About that same time, Mohlenbrock said she realized to the benefits of reading to a child--and how little importance American society was placing on it.
"Only 50 percent of American children (are) read to regularly before they go to school, and 35 percent of children enter school two years behind their peers," she said. "At the same time, so much research was substantiating the importance of this experience that is the single best predictor of a child's future success in reading, if they've been read to regularly."
Mohlenbrock knows her program is beneficial in other ways as well. "It helps with reunification, such as it would have certainly helped with our daughter," she said.
Commanders also have told Mohlenbrock what a morale boost the program is for the deployed parent. "It gives them great satisfaction to be able to participate in that part of their (children's) lives during long deployments," she said.
It also can free up a few minutes for the spouse at home, she said.
While the program focuses on kids ages 3 to 5, Mohlenbrock advocates reading to children as long as they express an interest. "(It's) not to say that once they turn 5 that you quit, because the benefits are forever, particularly in communication and in bonding," she said. "The conversations that come out of story time are perhaps richer than any other time of the day."
The Family Literacy Foundation offers other, smaller programs to the community at large.

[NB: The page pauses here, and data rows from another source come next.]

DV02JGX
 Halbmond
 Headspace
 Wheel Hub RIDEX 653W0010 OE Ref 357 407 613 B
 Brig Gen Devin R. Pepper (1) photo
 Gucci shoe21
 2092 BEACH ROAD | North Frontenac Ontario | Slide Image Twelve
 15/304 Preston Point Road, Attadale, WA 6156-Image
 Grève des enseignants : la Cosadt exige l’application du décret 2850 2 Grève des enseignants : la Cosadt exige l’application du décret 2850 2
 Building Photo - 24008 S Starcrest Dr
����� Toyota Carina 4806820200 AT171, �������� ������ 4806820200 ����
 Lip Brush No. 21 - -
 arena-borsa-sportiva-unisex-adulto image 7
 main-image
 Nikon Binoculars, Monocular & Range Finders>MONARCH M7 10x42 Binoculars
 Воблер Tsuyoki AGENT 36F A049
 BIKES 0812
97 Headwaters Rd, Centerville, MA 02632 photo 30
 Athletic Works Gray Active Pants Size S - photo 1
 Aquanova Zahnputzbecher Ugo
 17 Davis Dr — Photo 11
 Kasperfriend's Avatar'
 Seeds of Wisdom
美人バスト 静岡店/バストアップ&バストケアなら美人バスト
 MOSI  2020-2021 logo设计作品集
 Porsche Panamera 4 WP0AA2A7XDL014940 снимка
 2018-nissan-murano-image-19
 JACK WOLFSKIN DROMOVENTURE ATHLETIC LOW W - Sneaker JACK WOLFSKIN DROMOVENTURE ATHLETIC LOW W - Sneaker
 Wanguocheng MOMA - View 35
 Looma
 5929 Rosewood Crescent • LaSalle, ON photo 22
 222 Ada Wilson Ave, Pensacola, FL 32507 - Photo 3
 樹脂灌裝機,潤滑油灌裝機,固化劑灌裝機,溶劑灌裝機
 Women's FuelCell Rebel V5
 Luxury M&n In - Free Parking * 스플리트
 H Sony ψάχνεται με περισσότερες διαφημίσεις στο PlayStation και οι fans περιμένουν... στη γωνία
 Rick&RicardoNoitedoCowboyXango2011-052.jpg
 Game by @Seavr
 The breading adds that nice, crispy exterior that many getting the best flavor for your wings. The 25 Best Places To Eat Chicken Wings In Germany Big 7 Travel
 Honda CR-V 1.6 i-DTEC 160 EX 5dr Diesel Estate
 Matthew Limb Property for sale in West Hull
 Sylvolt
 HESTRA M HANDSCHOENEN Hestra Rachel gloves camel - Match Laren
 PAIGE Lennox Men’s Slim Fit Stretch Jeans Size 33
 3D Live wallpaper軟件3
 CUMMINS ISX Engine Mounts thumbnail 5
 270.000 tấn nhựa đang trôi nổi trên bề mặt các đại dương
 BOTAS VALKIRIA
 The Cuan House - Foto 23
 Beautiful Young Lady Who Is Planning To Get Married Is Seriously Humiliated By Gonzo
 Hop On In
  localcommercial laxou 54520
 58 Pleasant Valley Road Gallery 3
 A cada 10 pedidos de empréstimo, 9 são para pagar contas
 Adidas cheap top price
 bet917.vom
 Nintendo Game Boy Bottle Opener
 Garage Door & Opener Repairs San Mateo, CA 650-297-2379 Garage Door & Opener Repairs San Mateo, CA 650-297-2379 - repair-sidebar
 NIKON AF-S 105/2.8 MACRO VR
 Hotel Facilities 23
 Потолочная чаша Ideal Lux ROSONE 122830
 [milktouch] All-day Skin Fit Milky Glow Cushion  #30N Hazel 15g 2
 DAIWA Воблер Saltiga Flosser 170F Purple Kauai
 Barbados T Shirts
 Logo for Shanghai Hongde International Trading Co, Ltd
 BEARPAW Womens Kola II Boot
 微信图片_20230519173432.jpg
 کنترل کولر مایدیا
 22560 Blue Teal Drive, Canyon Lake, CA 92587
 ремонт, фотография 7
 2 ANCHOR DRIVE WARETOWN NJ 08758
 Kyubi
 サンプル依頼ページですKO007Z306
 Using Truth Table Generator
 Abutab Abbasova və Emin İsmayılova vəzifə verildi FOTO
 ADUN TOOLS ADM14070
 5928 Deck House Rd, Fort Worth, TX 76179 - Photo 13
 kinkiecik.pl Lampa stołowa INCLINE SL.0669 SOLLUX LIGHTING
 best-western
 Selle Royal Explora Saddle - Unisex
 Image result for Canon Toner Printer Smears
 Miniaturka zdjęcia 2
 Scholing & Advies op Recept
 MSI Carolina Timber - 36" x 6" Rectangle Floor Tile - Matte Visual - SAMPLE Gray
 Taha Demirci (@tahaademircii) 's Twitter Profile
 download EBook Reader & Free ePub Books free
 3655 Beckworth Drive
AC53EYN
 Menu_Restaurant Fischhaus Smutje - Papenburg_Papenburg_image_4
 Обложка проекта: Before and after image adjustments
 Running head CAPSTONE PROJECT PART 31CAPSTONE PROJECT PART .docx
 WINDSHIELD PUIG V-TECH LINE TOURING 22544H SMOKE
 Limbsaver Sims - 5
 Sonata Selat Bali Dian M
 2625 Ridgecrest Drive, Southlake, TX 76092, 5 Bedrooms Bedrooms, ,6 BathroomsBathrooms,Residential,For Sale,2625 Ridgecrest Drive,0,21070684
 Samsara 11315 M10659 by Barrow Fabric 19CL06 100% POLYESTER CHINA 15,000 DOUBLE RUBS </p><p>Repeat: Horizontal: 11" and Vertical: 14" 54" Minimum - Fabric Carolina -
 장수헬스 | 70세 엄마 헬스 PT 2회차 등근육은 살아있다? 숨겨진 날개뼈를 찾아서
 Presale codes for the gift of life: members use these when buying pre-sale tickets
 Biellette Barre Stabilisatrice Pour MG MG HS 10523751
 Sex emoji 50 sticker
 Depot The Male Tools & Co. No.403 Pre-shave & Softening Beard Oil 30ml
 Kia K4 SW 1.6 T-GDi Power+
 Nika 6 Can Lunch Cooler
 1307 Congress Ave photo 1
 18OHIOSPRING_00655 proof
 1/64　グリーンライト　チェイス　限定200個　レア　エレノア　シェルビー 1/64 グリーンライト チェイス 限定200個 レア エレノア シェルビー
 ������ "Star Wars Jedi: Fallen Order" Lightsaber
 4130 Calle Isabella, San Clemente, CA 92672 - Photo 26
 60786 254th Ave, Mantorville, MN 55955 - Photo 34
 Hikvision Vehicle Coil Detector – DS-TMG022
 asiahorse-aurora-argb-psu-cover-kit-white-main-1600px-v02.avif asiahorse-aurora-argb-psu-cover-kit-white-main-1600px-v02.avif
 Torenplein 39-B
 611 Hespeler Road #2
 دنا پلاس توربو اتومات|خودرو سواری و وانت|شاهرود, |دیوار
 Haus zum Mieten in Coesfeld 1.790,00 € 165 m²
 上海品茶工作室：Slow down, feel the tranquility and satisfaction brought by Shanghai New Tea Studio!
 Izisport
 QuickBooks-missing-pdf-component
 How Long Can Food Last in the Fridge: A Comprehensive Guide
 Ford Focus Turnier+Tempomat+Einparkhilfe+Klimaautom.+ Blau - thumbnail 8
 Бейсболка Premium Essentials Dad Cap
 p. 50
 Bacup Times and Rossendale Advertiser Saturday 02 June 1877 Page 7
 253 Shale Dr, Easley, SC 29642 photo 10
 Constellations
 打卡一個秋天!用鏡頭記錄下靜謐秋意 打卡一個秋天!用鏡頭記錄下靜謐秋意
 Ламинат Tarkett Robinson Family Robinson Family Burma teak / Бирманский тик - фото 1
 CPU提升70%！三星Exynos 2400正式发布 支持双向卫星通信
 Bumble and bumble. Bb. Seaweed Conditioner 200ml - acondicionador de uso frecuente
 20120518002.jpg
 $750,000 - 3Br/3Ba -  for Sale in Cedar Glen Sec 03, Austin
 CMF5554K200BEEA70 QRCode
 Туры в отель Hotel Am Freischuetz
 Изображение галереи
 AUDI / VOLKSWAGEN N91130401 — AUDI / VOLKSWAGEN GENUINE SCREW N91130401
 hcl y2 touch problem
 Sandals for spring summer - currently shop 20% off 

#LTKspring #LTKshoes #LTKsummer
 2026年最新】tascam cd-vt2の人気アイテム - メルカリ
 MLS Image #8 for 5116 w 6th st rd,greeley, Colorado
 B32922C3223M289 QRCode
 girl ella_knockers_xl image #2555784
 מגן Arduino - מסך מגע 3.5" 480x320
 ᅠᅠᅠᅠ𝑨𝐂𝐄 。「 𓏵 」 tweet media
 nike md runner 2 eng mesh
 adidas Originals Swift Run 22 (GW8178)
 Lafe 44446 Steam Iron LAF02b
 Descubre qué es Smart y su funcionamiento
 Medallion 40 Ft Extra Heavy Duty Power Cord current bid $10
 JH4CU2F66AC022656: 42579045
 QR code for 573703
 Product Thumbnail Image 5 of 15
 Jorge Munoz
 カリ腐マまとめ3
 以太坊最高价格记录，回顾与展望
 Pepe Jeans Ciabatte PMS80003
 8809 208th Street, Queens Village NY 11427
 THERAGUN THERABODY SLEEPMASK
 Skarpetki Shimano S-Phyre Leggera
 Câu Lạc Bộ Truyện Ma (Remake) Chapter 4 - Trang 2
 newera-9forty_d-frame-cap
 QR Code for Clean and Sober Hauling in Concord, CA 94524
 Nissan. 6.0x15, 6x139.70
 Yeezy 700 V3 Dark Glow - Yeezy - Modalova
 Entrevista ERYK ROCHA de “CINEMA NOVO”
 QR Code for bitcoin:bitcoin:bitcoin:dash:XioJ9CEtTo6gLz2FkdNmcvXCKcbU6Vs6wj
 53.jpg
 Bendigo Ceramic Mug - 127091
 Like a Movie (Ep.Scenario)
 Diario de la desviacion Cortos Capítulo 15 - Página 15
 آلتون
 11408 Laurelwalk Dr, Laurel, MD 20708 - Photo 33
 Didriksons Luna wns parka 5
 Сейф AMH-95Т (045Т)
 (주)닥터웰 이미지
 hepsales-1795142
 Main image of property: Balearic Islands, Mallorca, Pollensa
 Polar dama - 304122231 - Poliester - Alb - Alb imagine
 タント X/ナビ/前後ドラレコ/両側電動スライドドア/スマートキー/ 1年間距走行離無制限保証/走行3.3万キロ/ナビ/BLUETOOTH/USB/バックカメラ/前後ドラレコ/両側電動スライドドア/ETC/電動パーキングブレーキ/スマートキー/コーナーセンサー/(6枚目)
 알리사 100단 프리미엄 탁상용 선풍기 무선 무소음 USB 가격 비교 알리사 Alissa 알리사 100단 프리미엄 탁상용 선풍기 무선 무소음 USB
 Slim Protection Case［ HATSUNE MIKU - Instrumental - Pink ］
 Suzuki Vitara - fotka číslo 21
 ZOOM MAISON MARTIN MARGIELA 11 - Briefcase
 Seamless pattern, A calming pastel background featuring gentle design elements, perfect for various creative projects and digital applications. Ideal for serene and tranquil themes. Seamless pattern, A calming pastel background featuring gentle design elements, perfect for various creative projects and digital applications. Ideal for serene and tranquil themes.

One focuses on providing preschoolers with the experience of being read to by high school students. Both groups are from at-risk communities.
The foundation also runs a program for San Diego County jail inmates, and another, similar to the military program, for grandparents.
The Family Literacy Foundation is a member of the Defense Department's America Supports You program, which highlights ways Americans and the corporate sector support the nation's servicemembers.